Materials provided
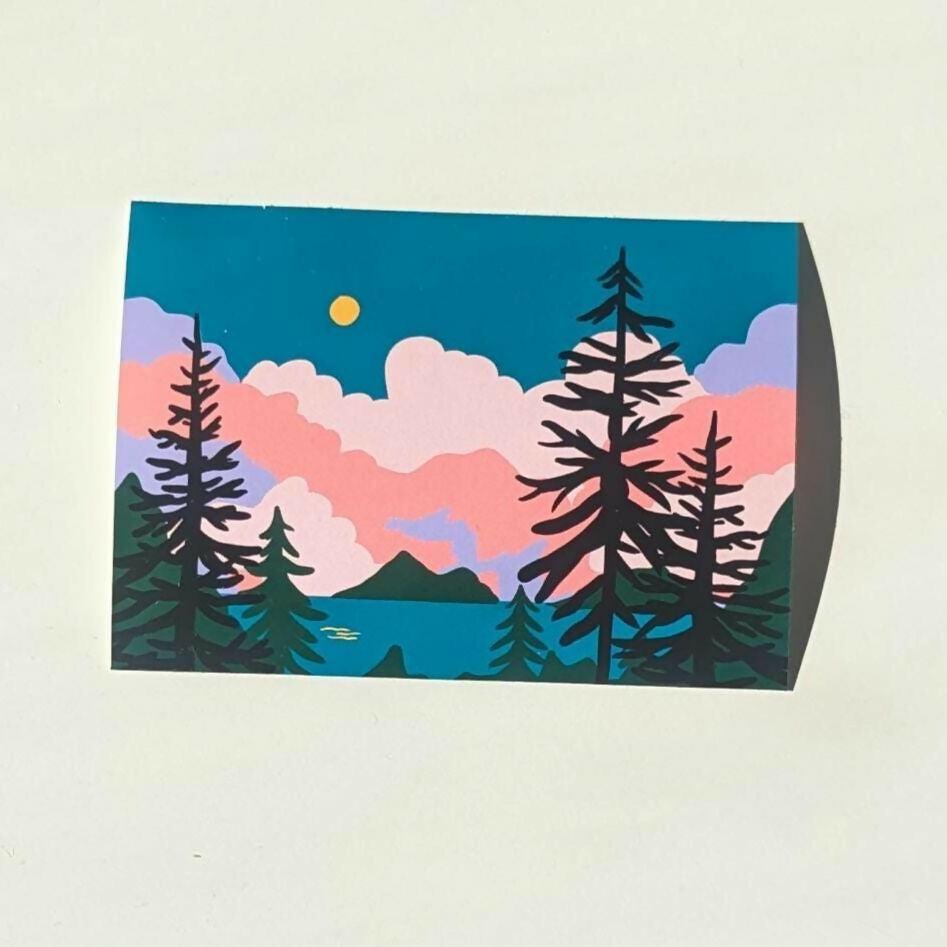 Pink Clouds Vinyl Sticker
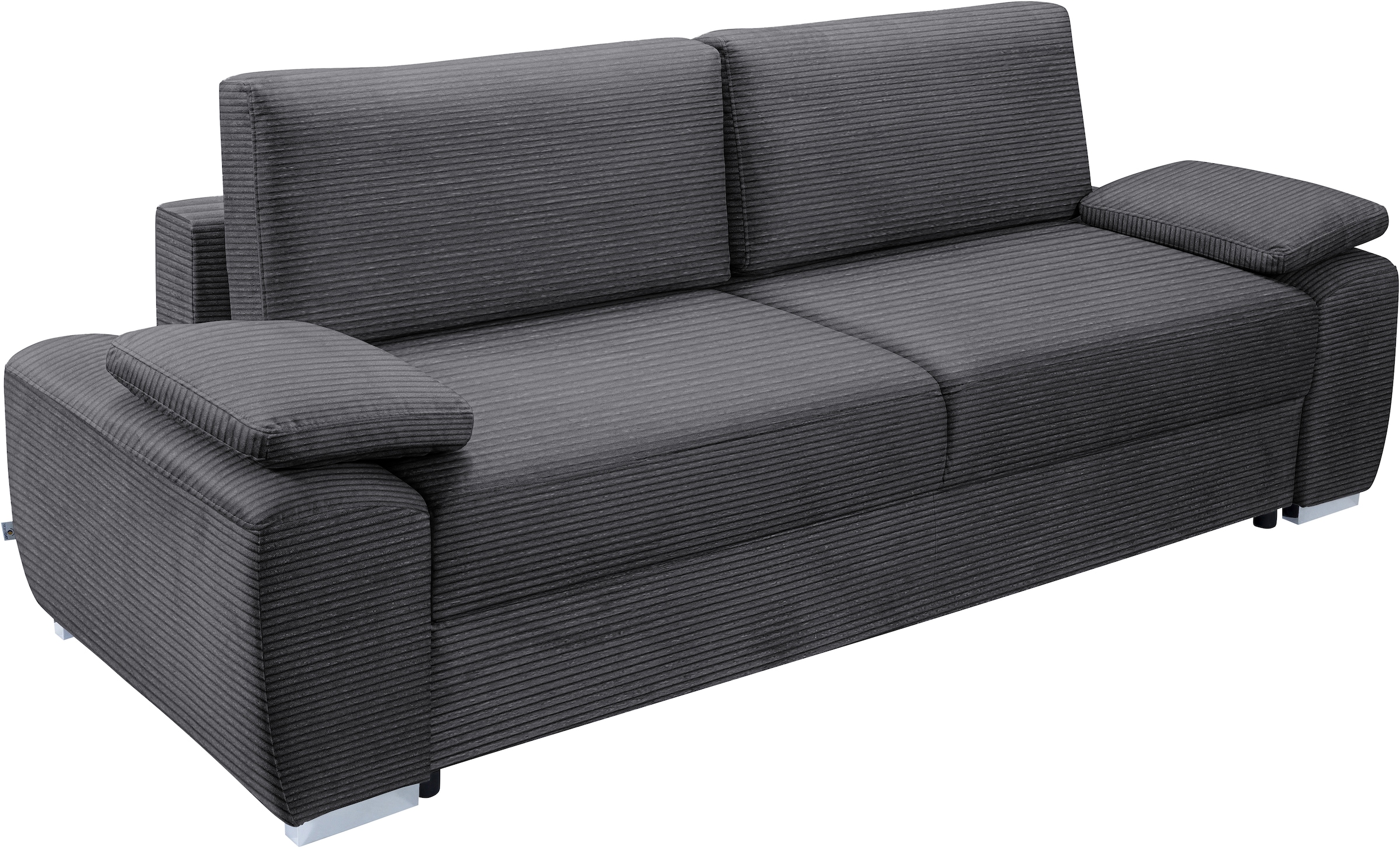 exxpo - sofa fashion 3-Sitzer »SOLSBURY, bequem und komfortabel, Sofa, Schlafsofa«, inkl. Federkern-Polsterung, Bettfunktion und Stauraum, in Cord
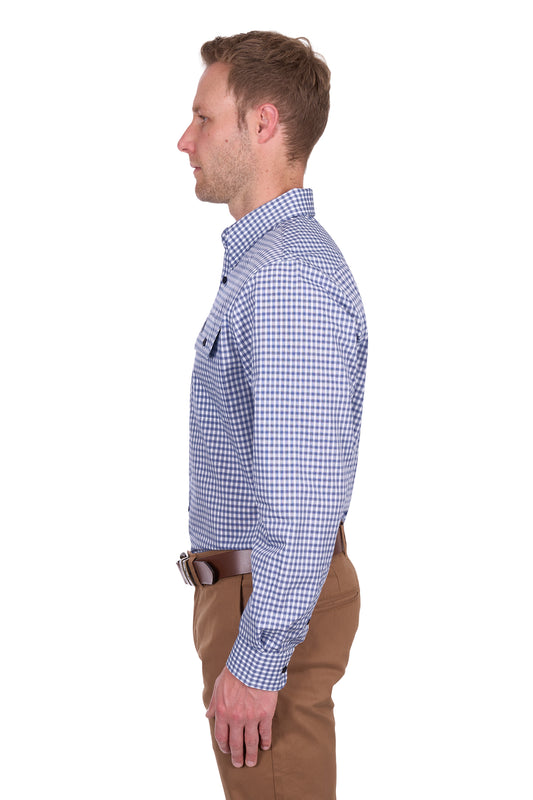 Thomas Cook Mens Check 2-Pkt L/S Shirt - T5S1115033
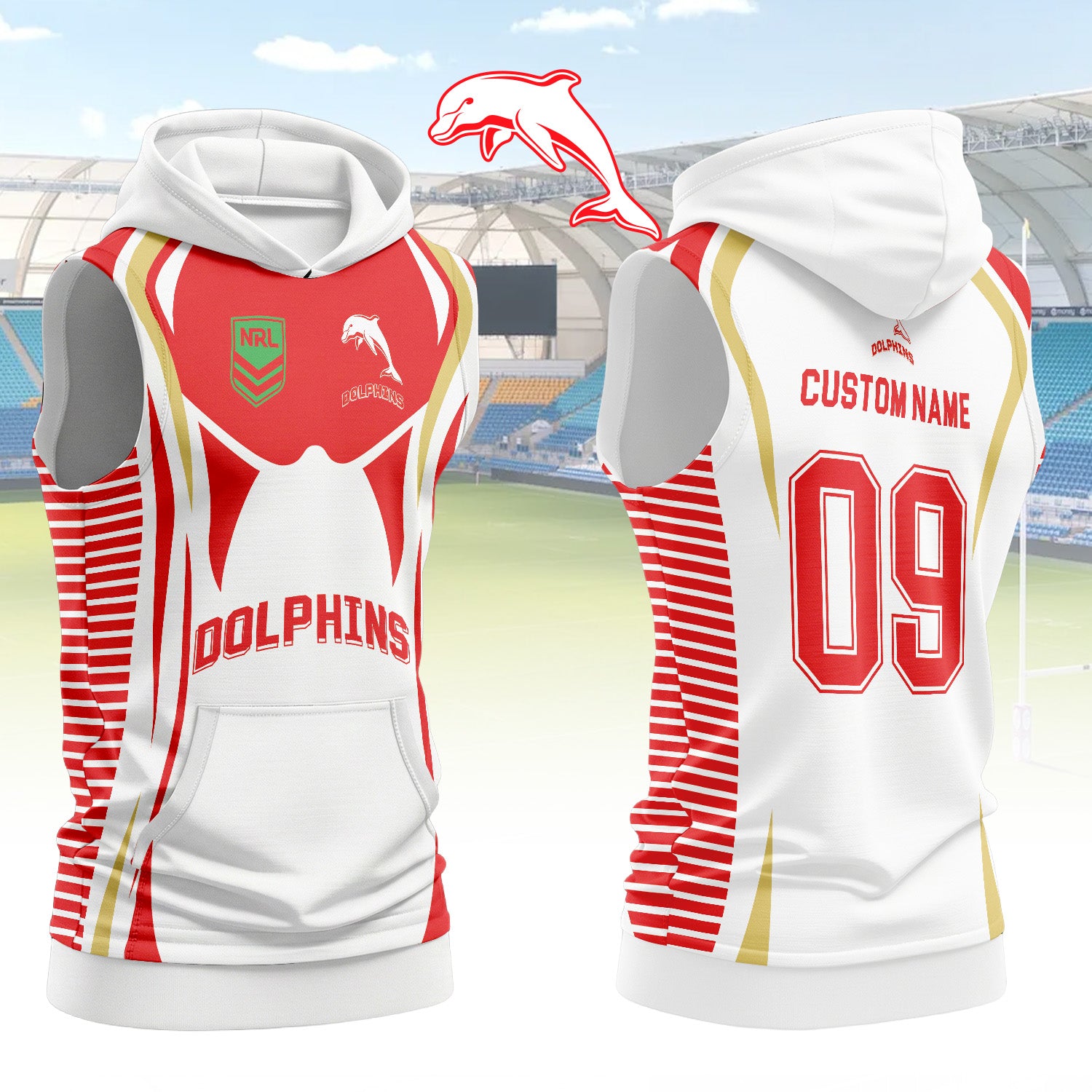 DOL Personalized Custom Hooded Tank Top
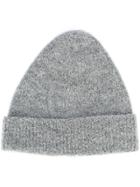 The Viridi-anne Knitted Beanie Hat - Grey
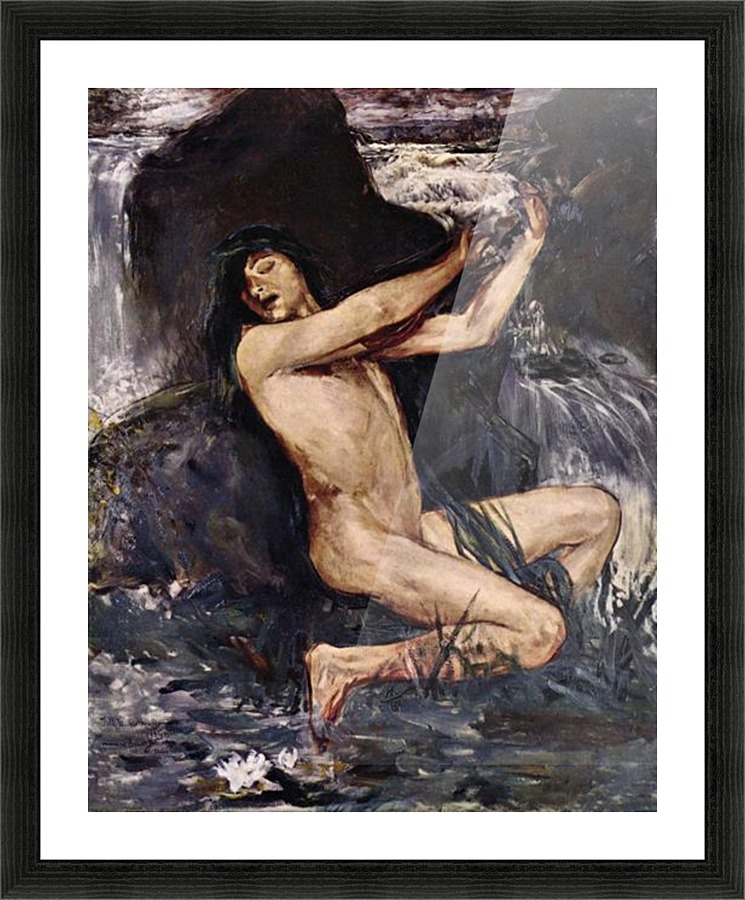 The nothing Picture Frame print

What the task requires
Every line of the data above should be quoted exactly. Omit the pictures.

Response below
 Pink Clouds Vinyl Sticker
 exxpo - sofa fashion 3-Sitzer »SOLSBURY, bequem und komfortabel, Sofa, Schlafsofa«, inkl. Federkern-Polsterung, Bettfunktion und Stauraum, in Cord
 Thomas Cook Mens Check 2-Pkt L/S Shirt - T5S1115033
 DOL Personalized Custom Hooded Tank Top
 The Viridi-anne Knitted Beanie Hat - Grey
 The nothing Picture Frame print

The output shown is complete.